Altar Boyz — 11th Hour at Arts Bank

Altar Boys -- interiorSamuel Antonio Reyes does not appear on stage in 11th Hour Theatre’s production of “Altar Boyz,” but he is the unquestionable star of the show.

Reyes is the choreographer for director Megan Nicole O’Brien’s production, and he infuses 11th Hour’s staging with liveliness and verve that often transcends the flimsy, get-it-nudge-nudge material “Altar Boyz” has been foisting on audiences for more than a decade.

Yes, the show by Kevin del Aguila, Gary Adler, and Michael Patrick Walter is wildly popular. It has been a staple of regional theater since its off-Broadway success. Unlike “Forever Plaid” and Dan Goggin’s “Nunsense” series, “Altar Boyz” has no substance. Its songs are mostly one-joke trifles that don’t amount to much musically or lyrically and, in the 11th Hour production, lose any chance they have at charm or fleeting wit because the mikes are so hot, you can only understand the Adler and Walker lyrics during solos, perhaps an unintended blessing. (Overamplification has also obliterated words at Media and Bristol this month. Don’t sound engineers have ears?!?)

Del Aguila’s book is somewhat amiable, but it is hampered by a trite and rather annoying gimmick that involves an  alleged meter measuring how many souls in the audience are troubled and full of angst. The cast’s objective is to bring the number to “0,” so the boys can claim their music and spirituality purged the crowd on hand of sin and sorrow and brought them peace. The meter gambit eventually leads to a soppy, groan-worthy eye roller of a moral that makes you want to stand up and say, “Put a ‘1’ up there on that meter because this audience member’s soul harbors murderous thoughts, and he has no conscience about them.”

If it weren’t for Reyes and the energetically muscular dances he gives a talented and flexible cast, the 11th Hour “Altar Boys” would be a bust or a bore. No matter what tripe the cast is singing or what story they are trying to impart, the excitement generated by Reyes’s steps and the boys’ moves, especially those of Robert Hager (another savior of the production) and Adam Hoyak, gives the audience something truly thrilling to watch and truly smashing to cheer.

Reyes’s choreography sets every hip of every “Boy” gyrating and every leg shaking. Limbs fly in every direction, often in a synchronized motion, and Reyes’s dances pay homage to everything from Broadway and salsa to disco and burlesque. Hager, in particular, anchors many numbers with his fluid motions that say “talent” and “sexiness.” Hoyak is also fast, smooth, and lithe and keeps you fastened on his acrobatic grace. Billy Kametz also has some sharp moves, so things perk at the Arts Bank when music director Jamison Foreman, dressed in a black priest’s blouse and white collar, strikes up his able and lively band.
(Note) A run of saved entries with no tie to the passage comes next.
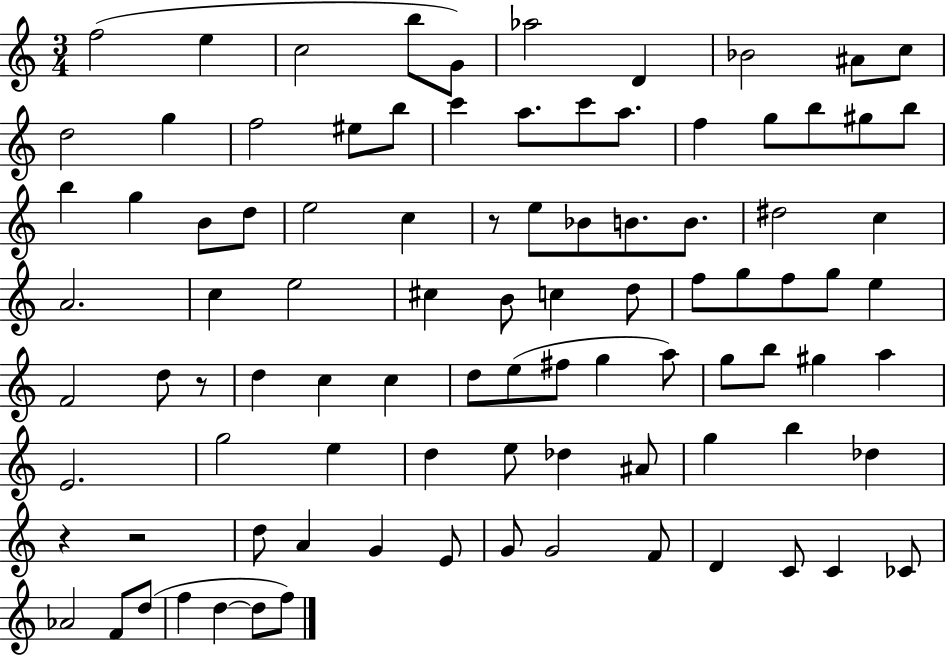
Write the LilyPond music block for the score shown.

{
  \clef treble
  \numericTimeSignature
  \time 3/4
  \key c \major
  f''2( e''4 | c''2 b''8 g'8) | aes''2 d'4 | bes'2 ais'8 c''8 | \break d''2 g''4 | f''2 eis''8 b''8 | c'''4 a''8. c'''8 a''8. | f''4 g''8 b''8 gis''8 b''8 | \break b''4 g''4 b'8 d''8 | e''2 c''4 | r8 e''8 bes'8 b'8. b'8. | dis''2 c''4 | \break a'2. | c''4 e''2 | cis''4 b'8 c''4 d''8 | f''8 g''8 f''8 g''8 e''4 | \break f'2 d''8 r8 | d''4 c''4 c''4 | d''8 e''8( fis''8 g''4 a''8) | g''8 b''8 gis''4 a''4 | \break e'2. | g''2 e''4 | d''4 e''8 des''4 ais'8 | g''4 b''4 des''4 | \break r4 r2 | d''8 a'4 g'4 e'8 | g'8 g'2 f'8 | d'4 c'8 c'4 ces'8 | \break aes'2 f'8 d''8( | f''4 d''4~~ d''8 f''8) | \bar "|."
}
Dance is important to many a musical, but rarely should it be the element you praise, and await, above all others.

O’Brien’s production makes little, if any, attempt to make del Aguila’s book, based on a conception by Marc Kessler and Ken Davenport, come to physical life. O’Brien’s cast is attractive and likeable, but they keep their characters at the most superficial level. The boys remain jokes, cogs in a supposedly comic machine, but except for Hager (again), they never graduate to being flesh-and-blood people. None of their back stories, including how they came together to form a religious-based band, are told with any texture or with the slightest idea of making the audience listen to or care to what they have to say. O’Brien keeps everything light and upbeat while heading towards the next exuberant dance sequence.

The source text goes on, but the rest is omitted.